TA group members taught to recognize which ego they are in and how it is helping or hurting at that moment.

Strokes: Verbal or nonverbal signs of acceptance. Positive strokes offer warmth…needed for health development. “good job”, a smile, a touch, etc. Negative strokes are useful for setting limits…don’t go into the street, for example.  Self-strokes are not valuable.  Behavior is often guided by the need for strokes.

Injunctions: They are given by parents when parents feel threatened. They contain, dont’ be close, don’t be separate, don’t, don’t grow up, don’t be well, don’t belong, don’t feel, don’t be sane, etc.

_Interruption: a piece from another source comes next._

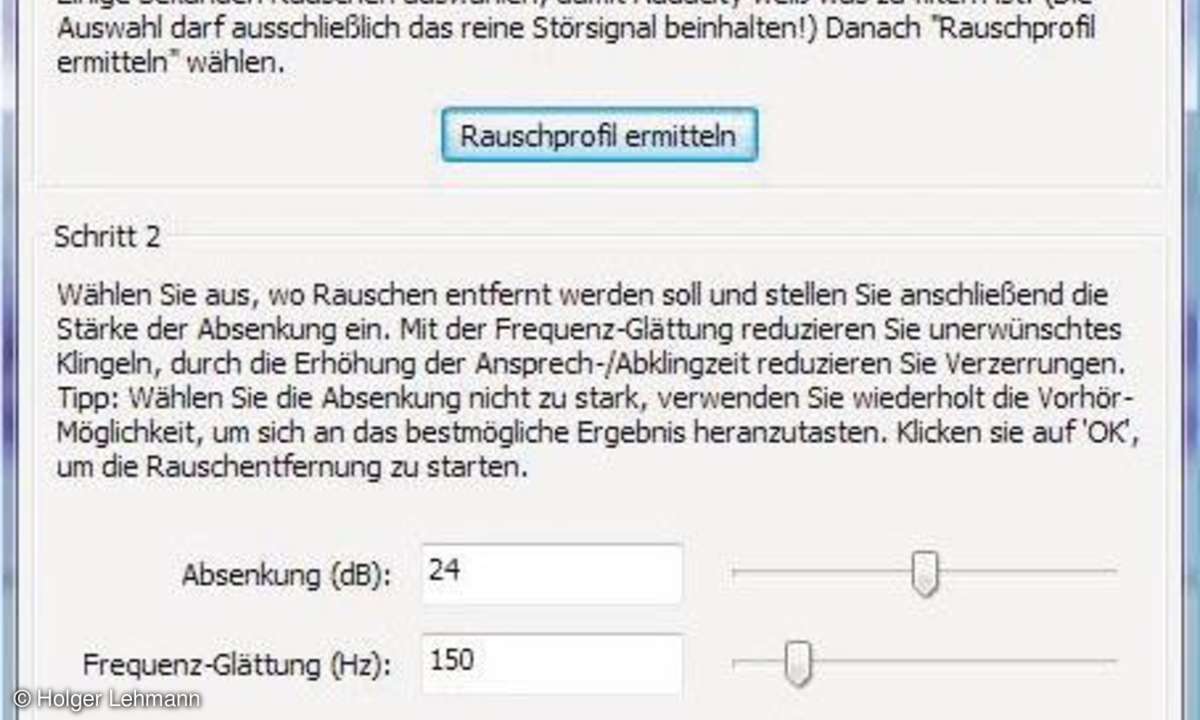 LPs digitalisieren: Rauschreduzierung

Counterinjunctions: These come from parents  and contain the shoulds and should nots….be perfect, be strong, please me, be careful

Game: on ongoing series of transactions between two people trading strokes with a negative payoff in the end. Stroke starved people play games to get strokes. Game participants are persecutors,  rescuers, and victims. A person can have multiple roles. Game topics include, “poor me”, “kick me” “gotcha”, “blemish”, harassed, “I am only trying to help”, “if it weren’t for you”, “yes, but”.

Rackets are the unpleasant feelings at the end of the game: Substitute feelings the parents did not allow. They are manipulative. For example, a child is told they are not angry, just tired…go to your room. Later in life they may be “tired” a lot in place of anger. That is their racket. People who are usually, depressed, angry or bored may be feeding those feeling into a pattern of behaving.

People seek security by maintaining what is known…even though it may be harmful overall. But TA says people can change that once they recognize it.

Script analysis shows group members the process of how they got the scripts they are using and how those scripts justify their actions.